EU member states have reached an agreement on new financial reporting requirements. The update to the DAC regulation will increase surveillance of crypto platforms and introduce minimum penalties for non-compliance.

EU crypto tax DAC8

EU member states have unanimously agreed to proceed with the update to the Directive on Administrative Cooperation (DAC), named acronymically DAC8. The proposed regulations will enable EU institutions to increase surveillance over the crypto market and impose minimum penalties for non-compliance. The update will be adopted by the Economic and Financial Affairs Council (ECOFIN) next week. The news was delivered on Twitter by Benjamin Angel, the director of the Direct Taxation, Tax Coordination, Economic Analysis and Evaluation office at the European Commission (EC).

The EC proposed the amendments to DAC on December 8, last year. The update provides a series of changes to the existing framework, with a focus on reporting and exchange of information on crypto assets for direct tax purposes.
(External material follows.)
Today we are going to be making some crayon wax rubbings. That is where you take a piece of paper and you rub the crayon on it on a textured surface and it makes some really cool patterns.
The declared aim is to close loopholes and improve the enforcement of the regulations concerning tax evasion, tax avoidance, and tax fraud.
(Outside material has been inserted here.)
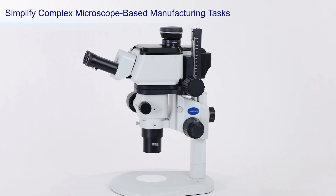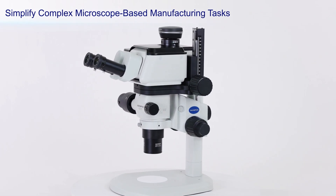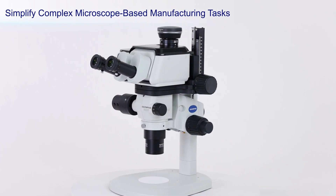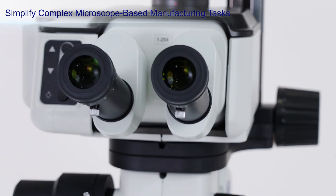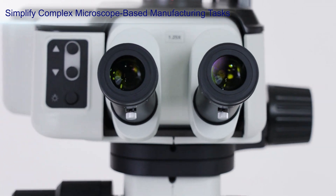The Olympus SCX AR-1 Augmented Reality Microscope System uses advanced projection technology to make the manufacturing process more efficient, from training to assembly.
Key anti-tax avoidance measures contained in DAC8

Key measures to enhance detecting and countering tax misdemeanors and crime include:

- extending reporting requirements for all reporting crypto-asset service providers, irrespective of their size or location, to cover both domestic and cross-border transactions, as well as non-fungible tokens (NFTs) in specific cases;

- obliging financial institutions to report on electronic money and central bank digital currencies;

- extending the scope of the automatic exchange of advance cross-border rulings for high net-worth individuals, i.e., persons holding a minimum wealth of €1.000.000 excluding their main residence;

- establishing a minimum penalty for the most severe non-compliance incidents, such as ignoring reporting obligations despite repetitive reminders.

How will DAC8 affect businesses? More reporting, minimum penalties

The EC assures that DAC8 will have a limited impact on small and medium businesses. This, however, might not be the case. In fact, the new regulations will effectively increase surveillance of crypto platforms since the reporting requirements affect crypto businesses regardless of size or location. The update will also “expand the reporting and exchange of information between tax authorities within the EU to cover income or revenue generated by users residing in the EU while operating with crypto-assets.”
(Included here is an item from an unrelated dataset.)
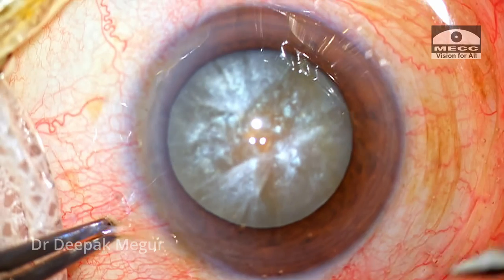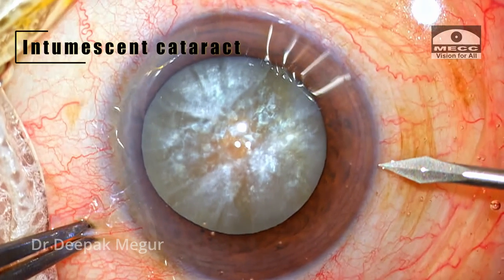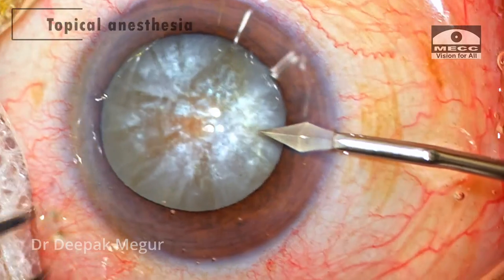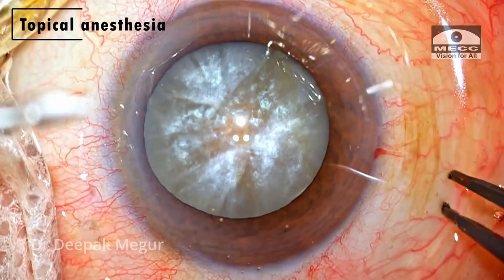Hi, I'm Dr. Deepak Meghor. Today we have a case of a 65-year-old gentleman who was having an intumescent cataract. Surgery is being done under topical anesthesia.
Read also: EU adopts new wealth confiscation measures, including crypto

The reporting obligations have been harmonized across the EU. With DAC8, they’ll only become more rigorous. As regards the proposed penalties, the update takes the regulations to the next level. Currently, sanctions vary across member states which results in different standards, with some countries being more tolerant of non-compliance. The amendment aims to standardize compliance measures by introducing a minimum level of financial responsibility for those who fail to meet the obligations.

How does DAC8 fit in with MiCA, CARF, and CRS?

On April 20, the European Parliament finally approved the agreed text of the Markets in crypto-assets (MiCA) regulation. The law standardizes the provision of crypto services across the EU, including the issuance of cryptocurrencies and stablecoins, with the declared aim of ensuring financial stability, consumer protection, and market integrity in the crypto industry.

MiCA has already been criticized for a one-size-fits-all approach that neglects unique features of the decentralized systems and may hamper innovation, bringing up compliance costs for DeFi and DEX platforms, and infringing on privacy with extended requirements to collect sensitive personal data.

However, as comprehensive as it is, MiCA doesn’t include provisions enabling tax authorities to collect and exchange tax-related information concerning cryptocurrency income. DAC8 fills in that gap, being aligned with the legal definitions laid out in MiCA.

The update is also consistent with two other sets of financial reporting regulations: the Crypto-Asset Reporting Framework (CARF), a new global tax transparency framework recently approved by the OECD, and the proposed amendments to the Common Reporting Standard (CRS), the G20-requested and OECD-approved single global standard for the collection, reporting, and exchange of financial account information.